§ Exercise objective: Write the entries out again exactly; any picture among them gets left out.

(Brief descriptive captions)
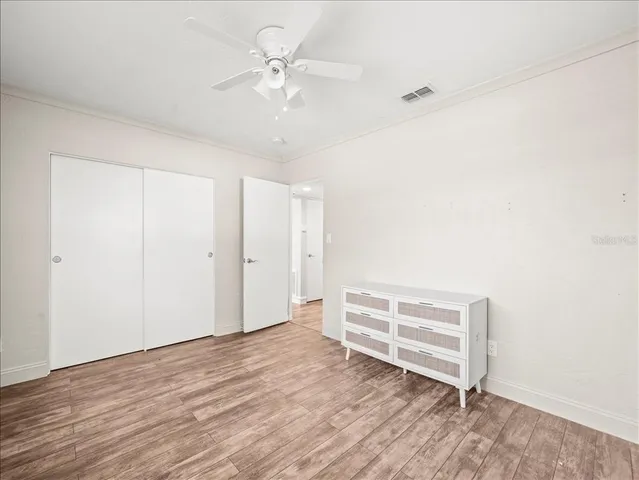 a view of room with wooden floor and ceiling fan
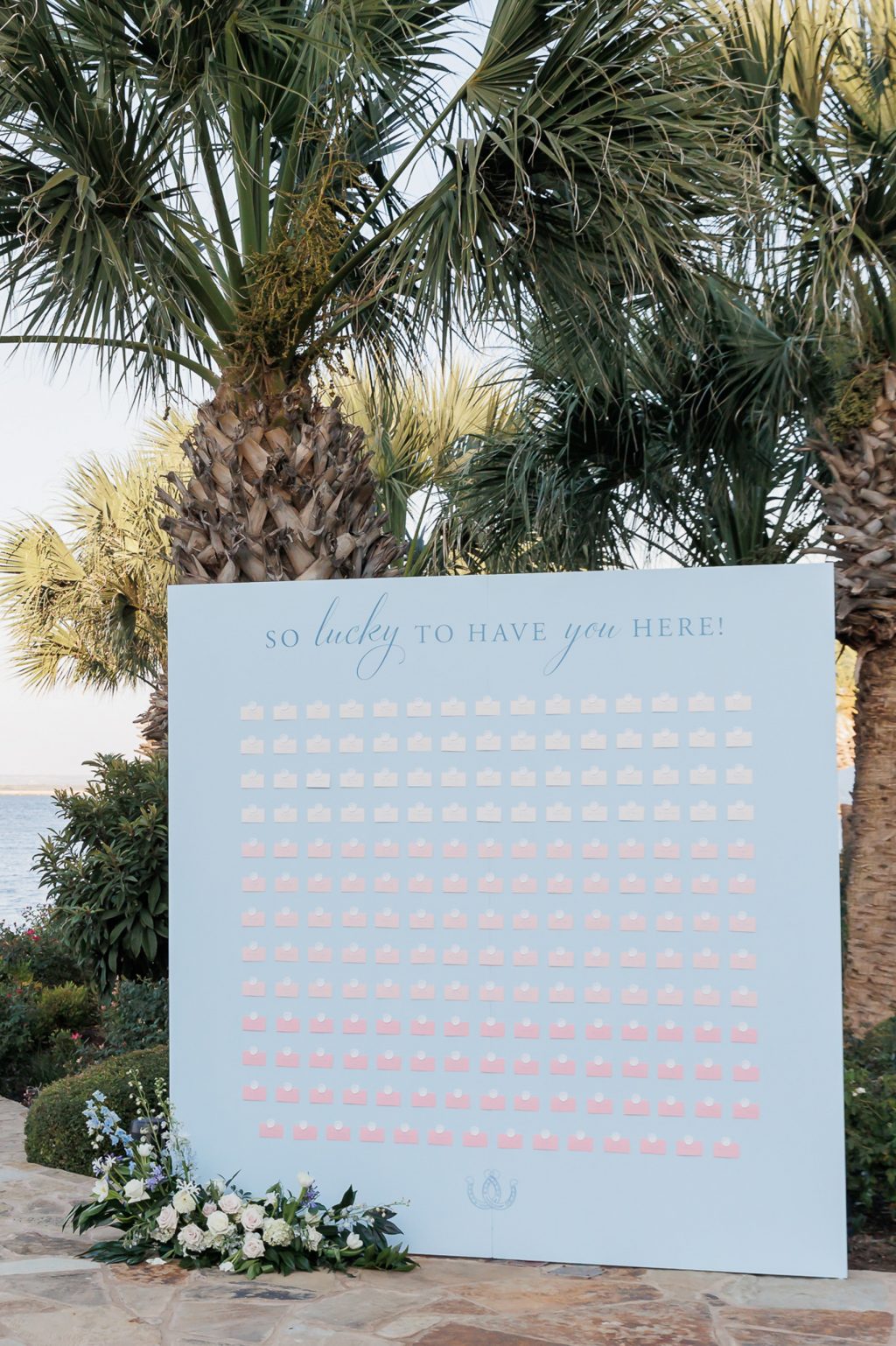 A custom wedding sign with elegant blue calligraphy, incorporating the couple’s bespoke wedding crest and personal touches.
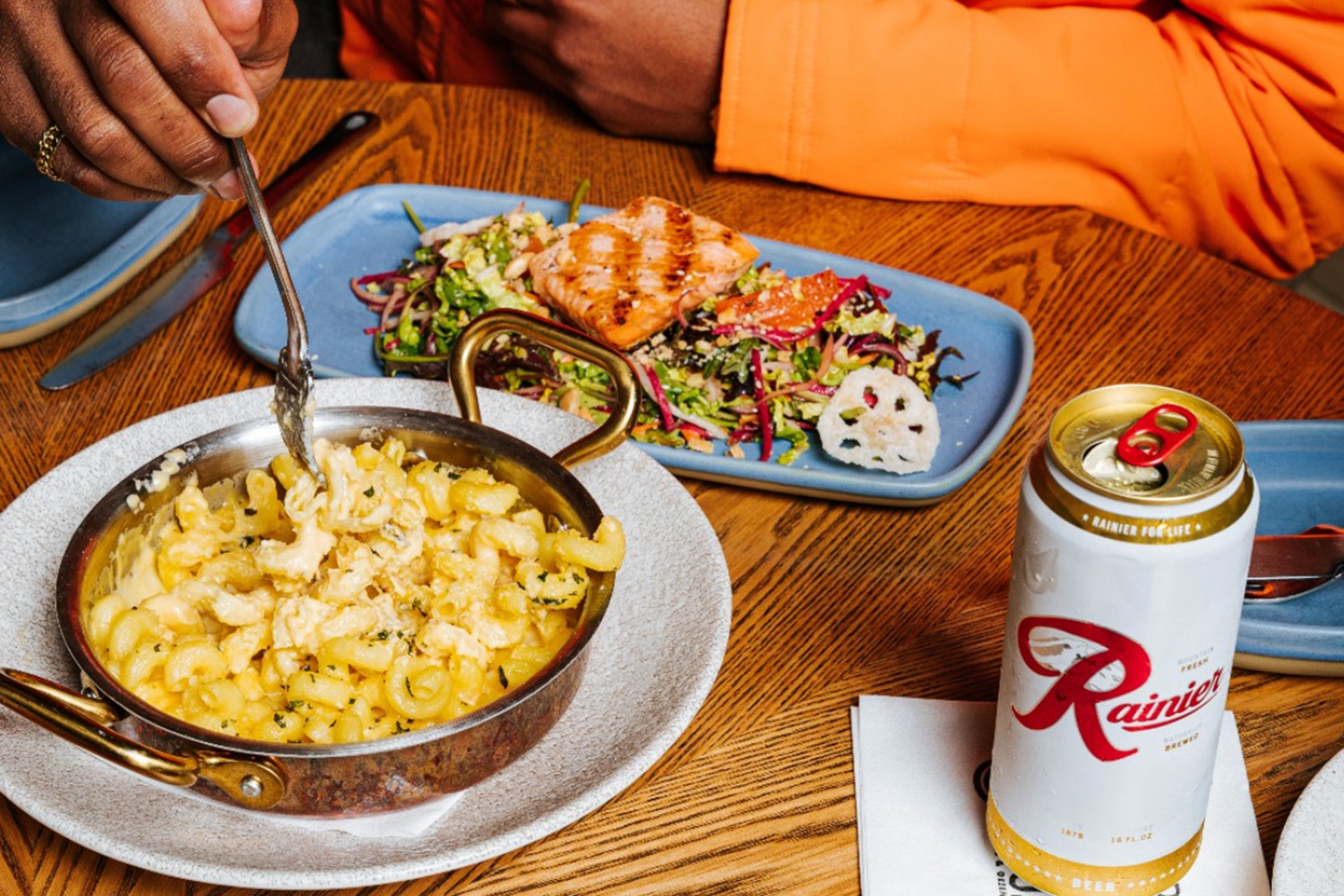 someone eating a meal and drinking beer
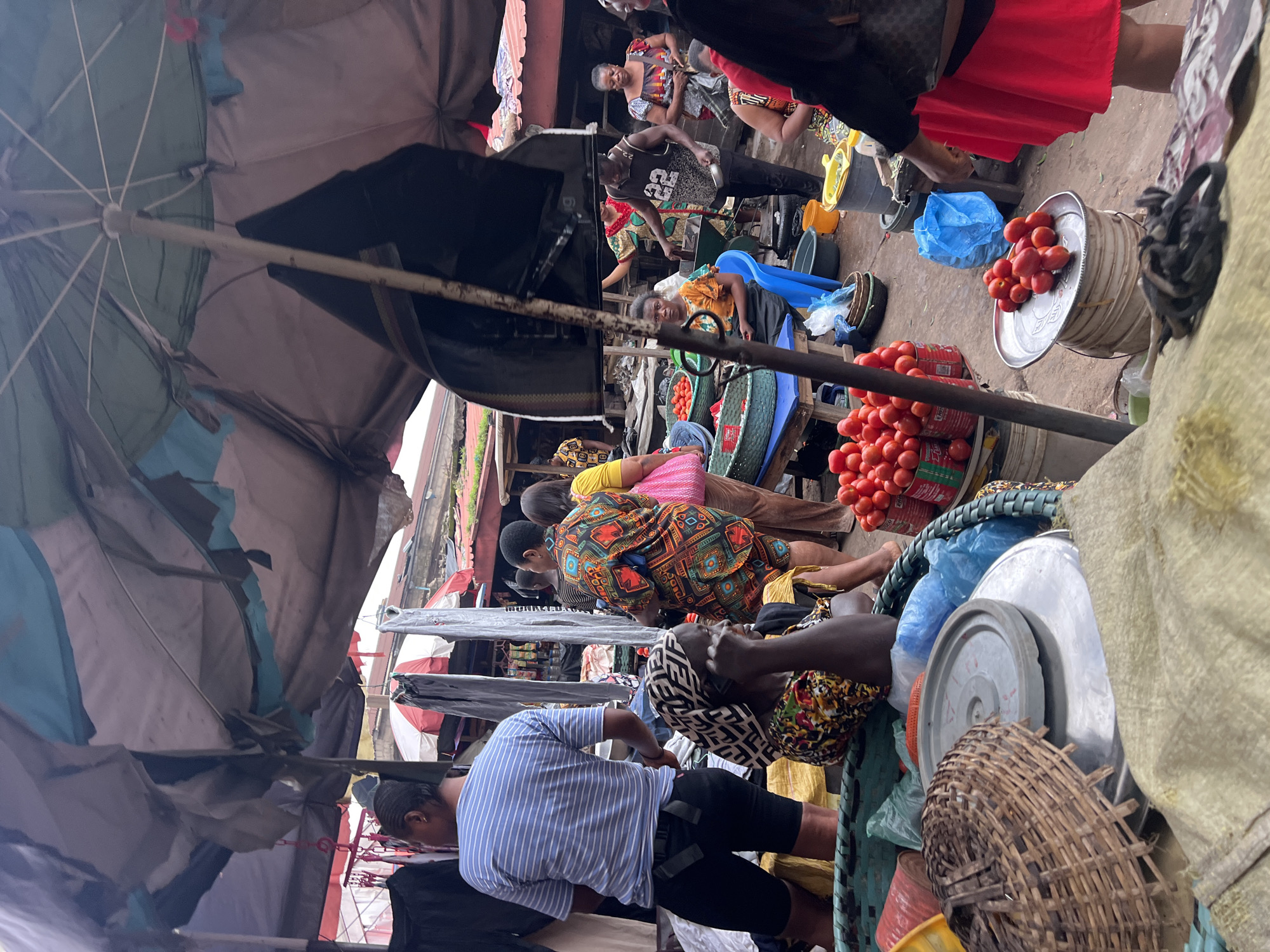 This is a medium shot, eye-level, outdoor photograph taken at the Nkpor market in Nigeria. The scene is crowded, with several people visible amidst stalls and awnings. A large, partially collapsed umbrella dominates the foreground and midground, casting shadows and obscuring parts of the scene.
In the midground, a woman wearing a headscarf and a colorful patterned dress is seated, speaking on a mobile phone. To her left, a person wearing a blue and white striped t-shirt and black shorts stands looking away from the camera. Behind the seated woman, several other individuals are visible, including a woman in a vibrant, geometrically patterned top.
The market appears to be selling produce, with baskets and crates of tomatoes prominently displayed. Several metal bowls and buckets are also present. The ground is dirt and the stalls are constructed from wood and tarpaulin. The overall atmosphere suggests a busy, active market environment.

§ Response below:
 a view of room with wooden floor and ceiling fan
 A custom wedding sign with elegant blue calligraphy, incorporating the couple’s bespoke wedding crest and personal touches.
 someone eating a meal and drinking beer
 This is a medium shot, eye-level, outdoor photograph taken at the Nkpor market in Nigeria. The scene is crowded, with several people visible amidst stalls and awnings. A large, partially collapsed umbrella dominates the foreground and midground, casting shadows and obscuring parts of the scene.
In the midground, a woman wearing a headscarf and a colorful patterned dress is seated, speaking on a mobile phone. To her left, a person wearing a blue and white striped t-shirt and black shorts stands looking away from the camera. Behind the seated woman, several other individuals are visible, including a woman in a vibrant, geometrically patterned top.
The market appears to be selling produce, with baskets and crates of tomatoes prominently displayed. Several metal bowls and buckets are also present. The ground is dirt and the stalls are constructed from wood and tarpaulin. The overall atmosphere suggests a busy, active market environment.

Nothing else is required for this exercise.